User Rating: Very Good
Pros:pretty sound fashion advice, not a bad price for the size of the magazine
Cons:way too many advertisements, sets high standards that many can't realistically reach
The Bottom Line: It's fun to enjoy now and again, but I don't recommend subscribing to it.
Flipping through the pages of my fiance's new Cosmo, I was utterly appalled at the garbage that would soon fill my mind with bland useless information. I couldn't help gasping at the mass advertising that was regurgitated upon the pages. Perfumes and other feminine cosmetics, psychic hotlines, and I even spotted a Ford ad within all this hoopla.
Recommend this product?
The covergirl for the month was Rebecca Romijn-Stamos, wife of John Stamos, while she headlined in this Swimsuit issue.

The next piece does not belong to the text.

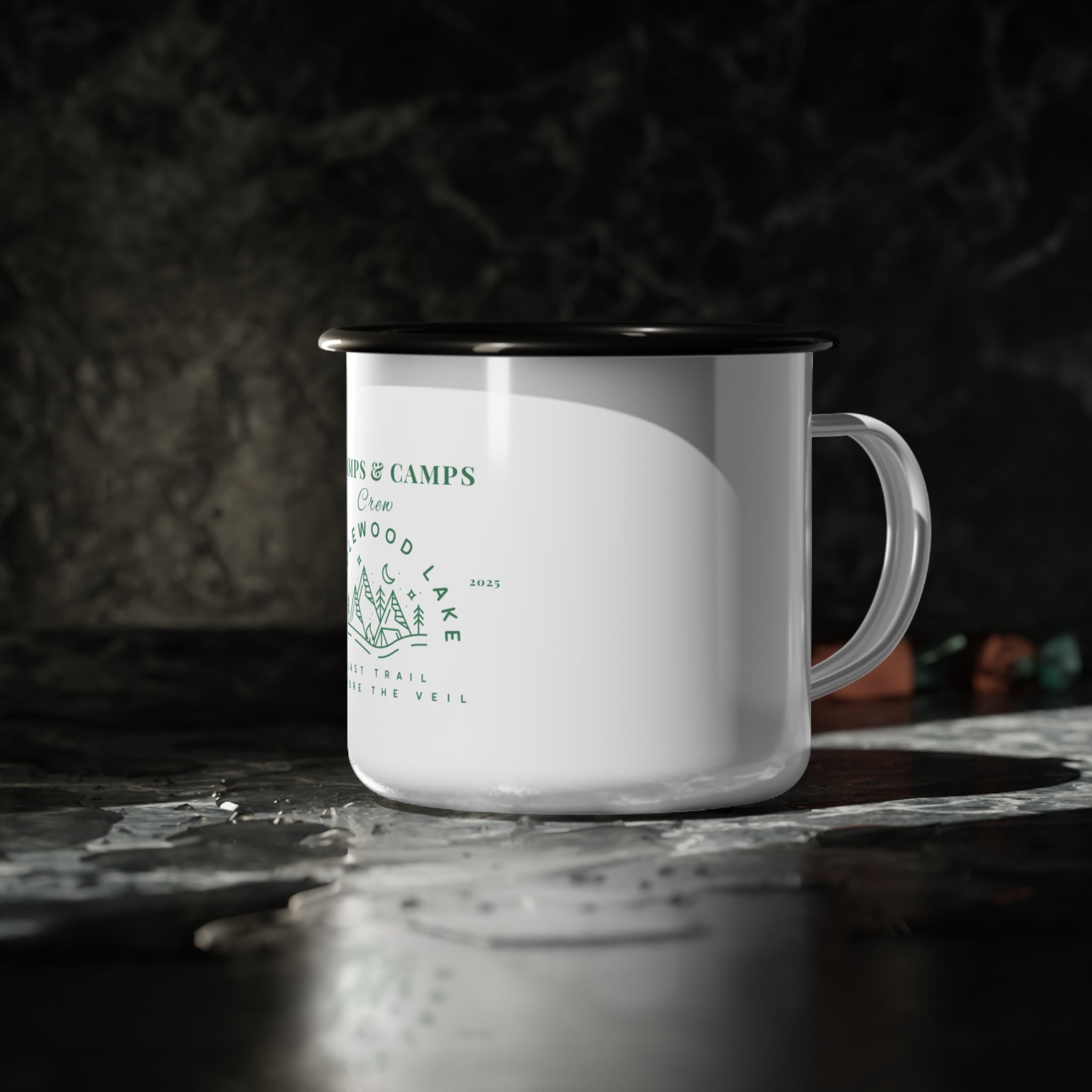 “Champs & Camps” in green -Camping Enamel Mug, Vintage Camp Cup, Outdoor Adventure Drinkware, Gift for Nature Lovers, Hiking Coffee Mug, Cozy Campfire Essentials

Our cover model covered exactly half a page dedicated to her career and coming achievements. I found this particularly disturbing since I imagined most people on the covers covering more than a page. This wasn't even an in depth interview, which made it all the harder to absorb and was found on page 28 in this 358 page issue.
Yes, this issue gave advice on how to have fabulous abs in 21 days. Wow, was I disappointed when I thumbed through this article as it encompassed only a page and a half with only a few examples that will work your abs into submission. While women that are in fairly decent shape may be able to do these, women that are a bit on the obese side will surely have a difficult time of it. Very disappointing, indeed!
Women are always griping that men are the only ones with sex on their mind, but Cosmo gave quite a bit of time and effort into releasing their own sex advice articles within their pages. Ladies and gentlemen, sex is for real and it isn't one sex wanting it more than another, both parties are game and Cosmo realizes this. My fiance and I both rather enjoyed these sections, since they allowed us the opportunity to share a few laughs. Their advice was novice, at best, since generally everyone with half a brain could figure out these issues on their own accord.
For $3.50 this really wasn't going to break out wallets and for that price you really do get quite a bit of reading material. I can't really call this a woman's magazine since my fiance and I had a pretty good time reading this together, even if the majority of this magazine was junk.